**What is expected**
Starting with the line that contains "Lighthouse 400 Lantern & USB Power Hub", give again exactly and only each line through the end of the records; include the last line and exclude pictures.

**Data in this exercise**
---------------
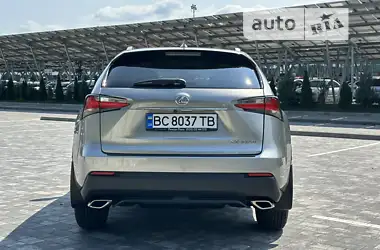 Lexus NX 2017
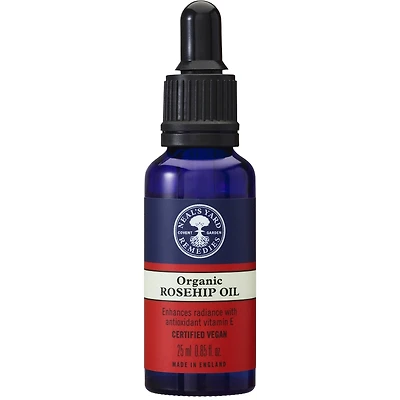 Organic Rosehip Oil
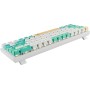 Клавиатура проводная Defender Vexx Pro GK-084 (45084) зелёный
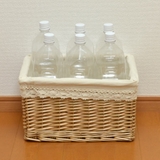 かご カラーボックス 収納バスケット | livingut | 詳細画像4 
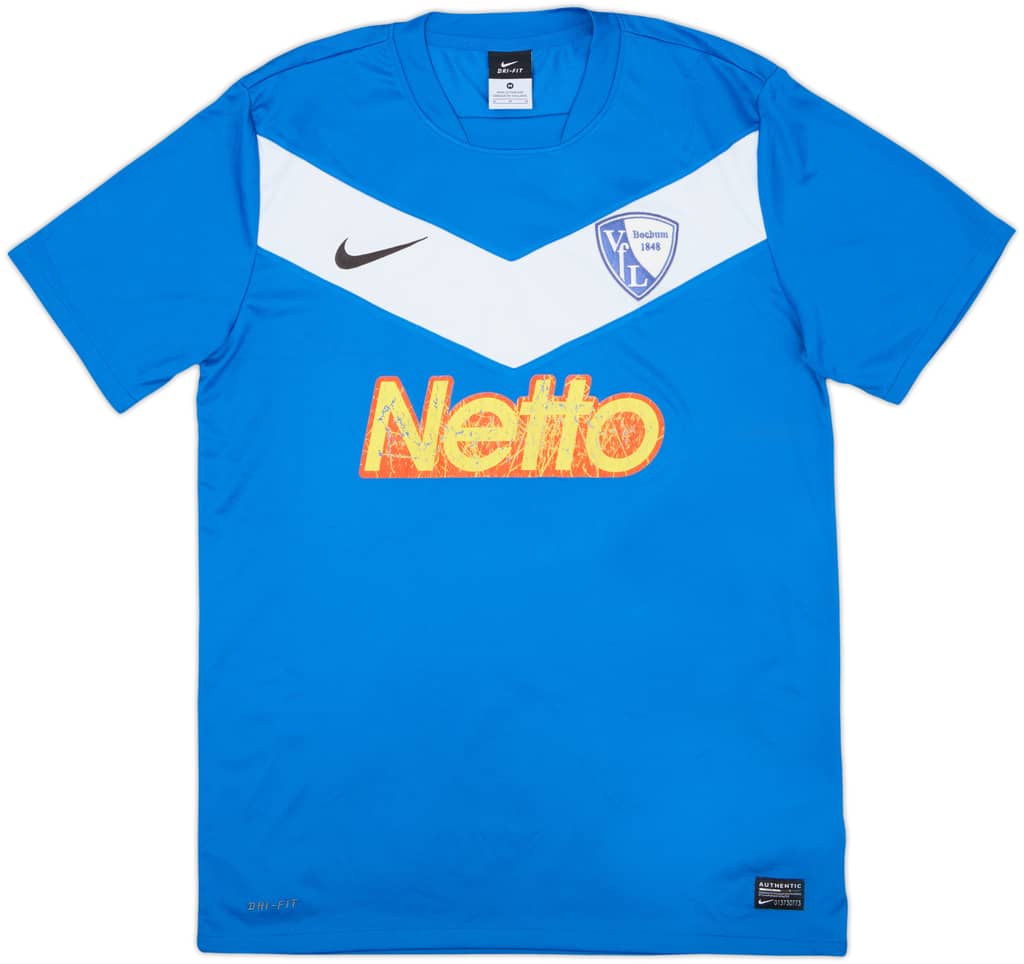 2011-12 VFL Bochum Home Shirt - 6/10 - (M)
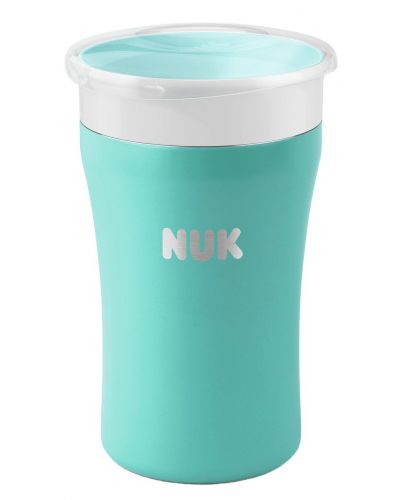 Чаша Nuk Evolution - Magic Cup, 230 ml, Stainless - 1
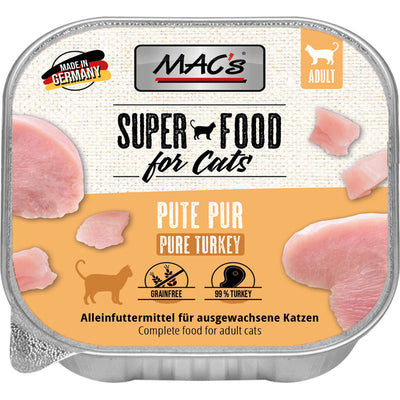 MAC's CAT Pute Pur 100 g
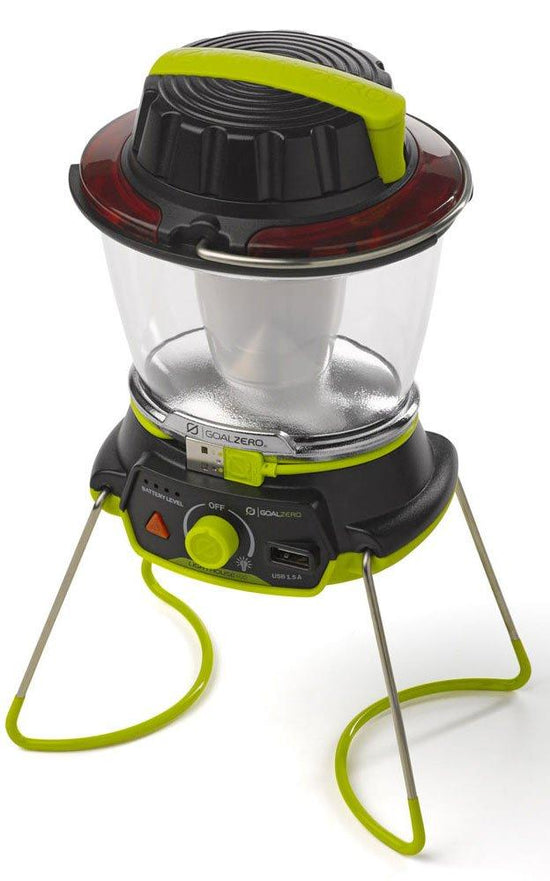 Lighthouse 400 Lantern & USB Power Hub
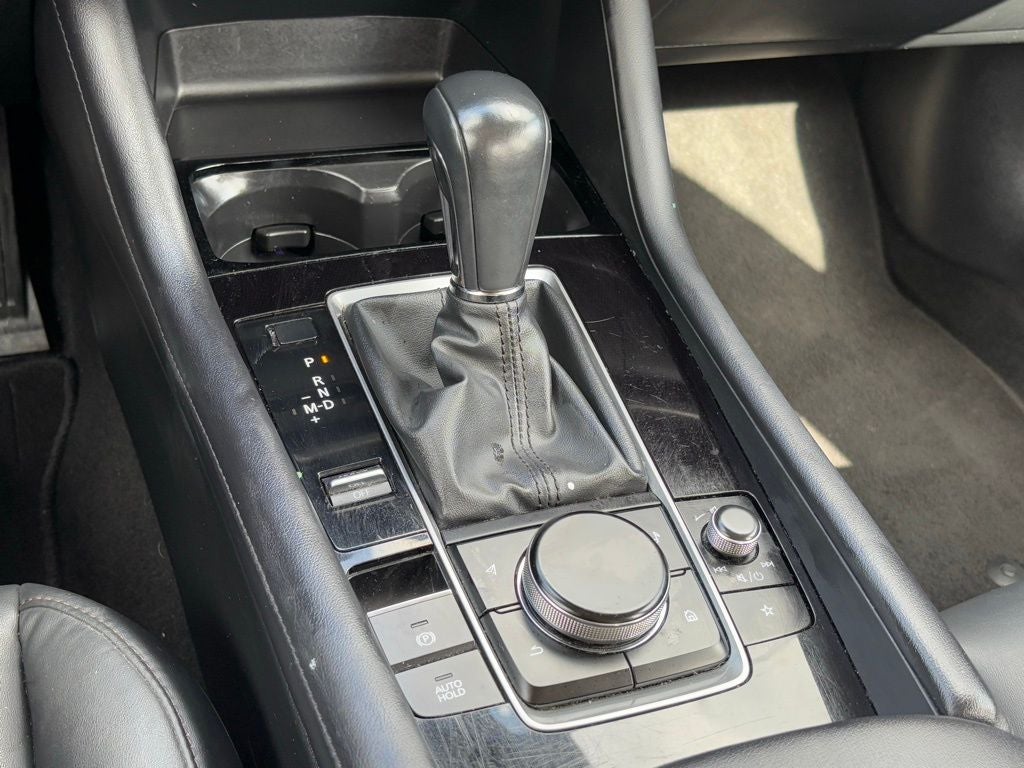 2025 Mazda Mazda3 2.5 S Select Sport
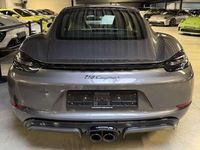 Gebraucht Porsche 718 Cayman 299 PS (219 kW) 2024 Grau Coupé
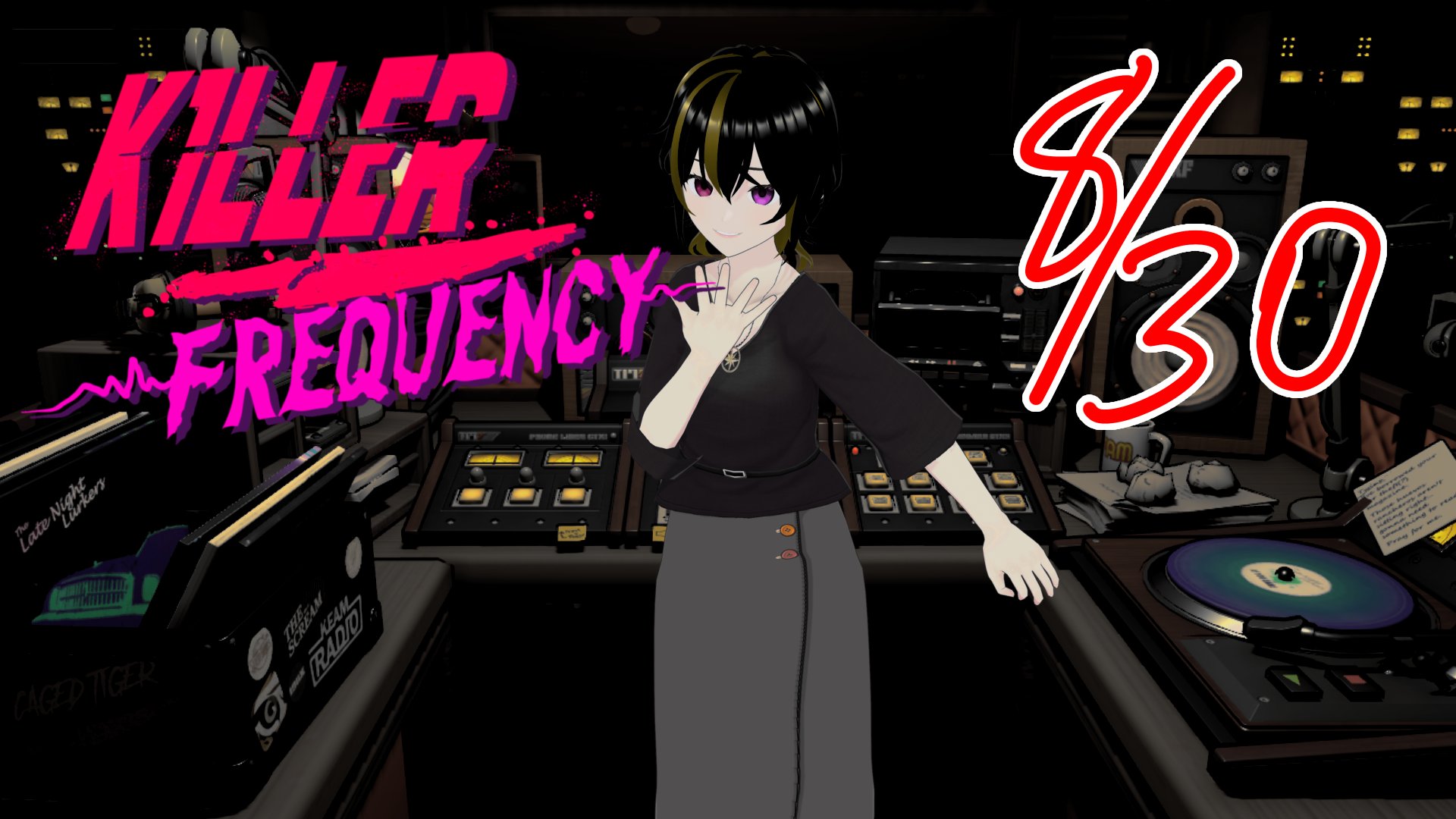 薊千寿@VTuber on X: 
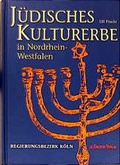 Cover: J&uuml;disches Kulturerbe in Nordrhein-Westfalen - J.P. Bachem Verlag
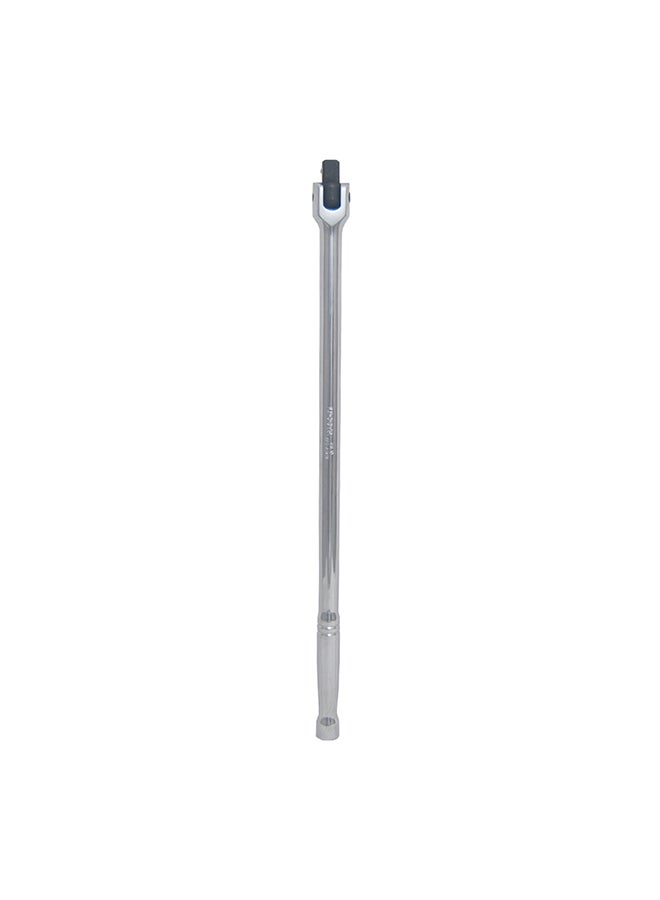LICOTA Flexible Head Ratchet Silver 45.6X2.8X1.8cm - Image 2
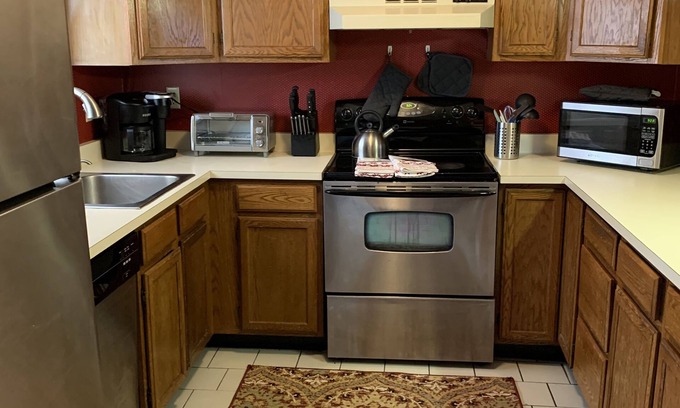 North Woodstock House | Perfect location in desirable Alpine Village all weeks are 20% off nightly rate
---------------
**Answer section**
 Lighthouse 400 Lantern & USB Power Hub
 2025 Mazda Mazda3 2.5 S Select Sport
 Gebraucht Porsche 718 Cayman 299 PS (219 kW) 2024 Grau Coupé
 薊千寿@VTuber on X: 
 Cover: J&uuml;disches Kulturerbe in Nordrhein-Westfalen - J.P. Bachem Verlag
LICOTA Flexible Head Ratchet Silver 45.6X2.8X1.8cm - Image 2
 North Woodstock House | Perfect location in desirable Alpine Village all weeks are 20% off nightly rate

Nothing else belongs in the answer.